Si è dimesso Richard Grenell, assunto soltanto due settimane fa da Mitt Romney come suo portavoce per le questioni di politica estera. Grenell, un repubblicano che aveva lavorato alle Nazioni Unite durante la presidenza di George W. Bush, è apertamente gay e cita questioni personali in una dichiarazione rilasciata al Washington Post: “Pur apprezzando la sfida che mi è stata offerta per affrontare i fallimenti in politica estera di Obama e la sua debole leadership mondiale, la mia abilità di parlare chiaramente e con forza è stata grandemente diminuita dalla discussione iperpartigiana di questioni personali”. Nella dichiarazione, Grenell nega che la sua omosessualità possa essere stata un problema per l’ex-governatore del Massachusetts: “Desidero ringraziare il governatore Romney per la sua fiducia in me e nelle mie capacità, e per avermi chiaramente spiegato che il mio essere apertamente gay non è un problema per lui e per il suo team”.
In realtà, ormai da alcune settimane, Grenell era finito nel mirino di quei conservatori religiosi che Romney continua a corteggiare, senza davvero riuscire a conquistare.
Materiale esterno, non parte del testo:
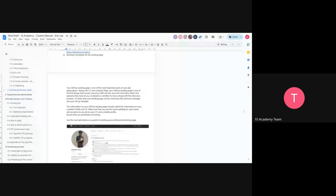Did you guys see where we were on the GitHub profile, or should we go back to that? Maybe it's just me. I think now we're back to the careers manual — can you see?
Il Family Research Council, attraverso il suo presidente Tony Perkins, aveva osservato che “è preoccupante vedere che nella potenziale amministrazione Romney è stata scelta una persona che continuerebbe nelle politiche di Obama”. Ancora più duro il commento, affidato a Twitter, di Bryan Fischer dell’American Family Association: “Romney sceglie un gay dichiarato e rivendicativo come portavoce. Se il personale è politico, il suo messaggio alla comunità pro-famiglia è: crepa!”.
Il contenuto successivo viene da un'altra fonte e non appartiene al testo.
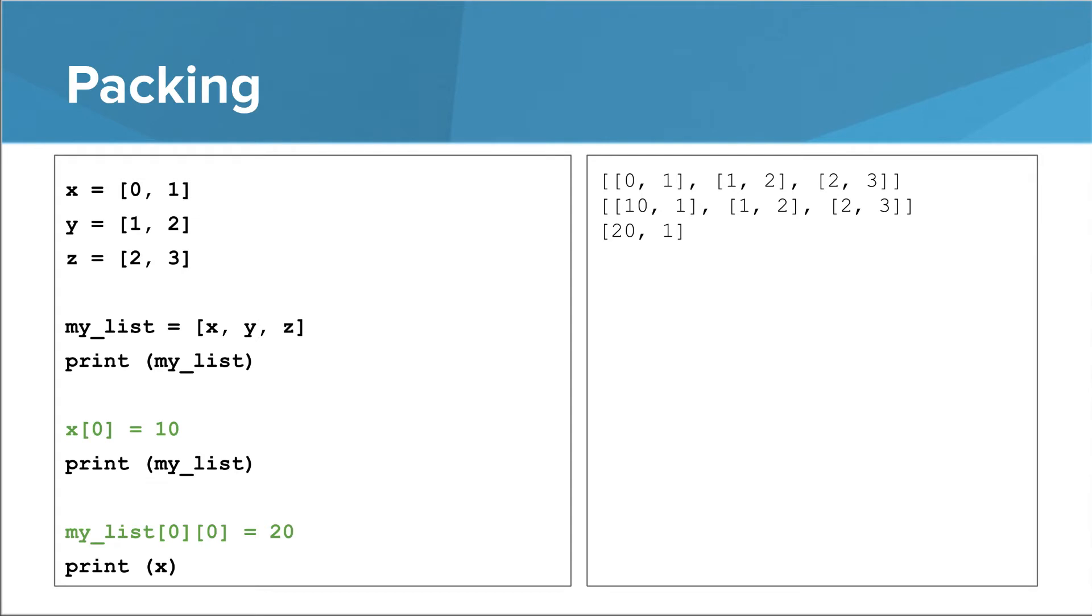All this is possible because lists are mutable. This is what makes the two lines highlighted in green legal.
Grenell, che lavora a Los Angeles per una società di pubbliche relazioni, è d’altra parte conosciuto negli ambienti della politica americana per il suo carattere particolarmente franco e per le prese di posizione a favore dei diritti omosessuali. In politica dalla metà degli anni Novanta, quando era descritto come uno degli astri nascenti del partito repubblicano, vicino all’allora speaker della Camera Newt Gingrich, Grenell cercò senza successo, negli anni di lavoro all’Onu, di far registrare il suo partner Matt nei documenti ufficiali del Palazzo di Vetro. Una battaglia piuttosto inconsueta per un membro del partito repubblicano, che in questi anni si è spostato su posizioni sempre più tenacemente contrarie ai diritti omosessuali (esiste una sola vera organizzazione nazionale di omosessuali repubblicani, i Log Cabin Republicans, che hanno però pochissima influenza nel partito).
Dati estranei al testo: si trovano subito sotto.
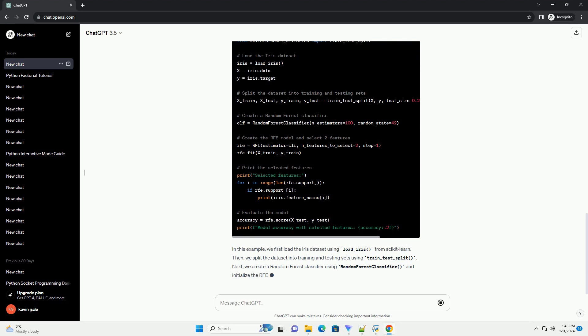Here's the Python code for the example. In this example, we first load the iris dataset using load_iris from scikit-learn. Then, we split the dataset into training and testing sets using train_test_split. Next, we create a random forest classifier using RandomForestClassifier and initialize the RFE.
Poco propizi al prosieguo della carriera politica di Grenell sono stati però anche una serie di commenti piuttosto taglienti affidati dall’ex-portavoce di Romney a Twitter. Di Hillary Clinton, Grenell ha scritto che “assomiglia sempre più a Madeleine Albright”. A Rachel Maddow, giornalista progressista di Msnbc, ha consigliato di “tirare un bel respiro e indossare una collana”. Impietoso anche il giudizio sull’acconciatura della moglie di Newt Gingrich, Callista, che avrebbe i capelli “a scatto”, e che si comporterebbe come “la moglie numero uno agli eventi politici”.
Le dimissioni di Grenell sono state subito sfruttate dai democratici di Obama per stigmatizzare le posizioni di Romney in tema di diritti civili. “Oggi abbiamo appreso che nel 2012 un candidato repubblicano alla Casa Bianca non può avere un portavoce gay”, ha scritto su Twitter Teddy Goff, il direttore della campagna digitale di Obama. Secondo l’ex-portavoce della Casa Bianca Bill Burton, “questi sono gli estremisti bigotti e anti-gay di cui una amministrazione Romney diventerebbe ostaggio”. I commenti dei democratici, del resto, più che alla comunità omosessuale americana (il cui voto è assicurato, dopo alcune delle riforme di Obama: abolizione della “Don’t Ask, Don’t Tell”, benefici sanitari e pensionistici per i partner omosessuali degli impiegati federali) sembrano rivolgersi proprio alla più vasta porzione di elettorato preoccupato del ruolo che i conservatori religiosi avrebbero in un’eventuale amministrazione Romney. Se i difensori della famiglia sono capaci di spingere alle dimissioni un portavoce gay, cosa potrebbe succedere con le politiche legate alla contraccezione, all’aborto, alla laicità dello Stato?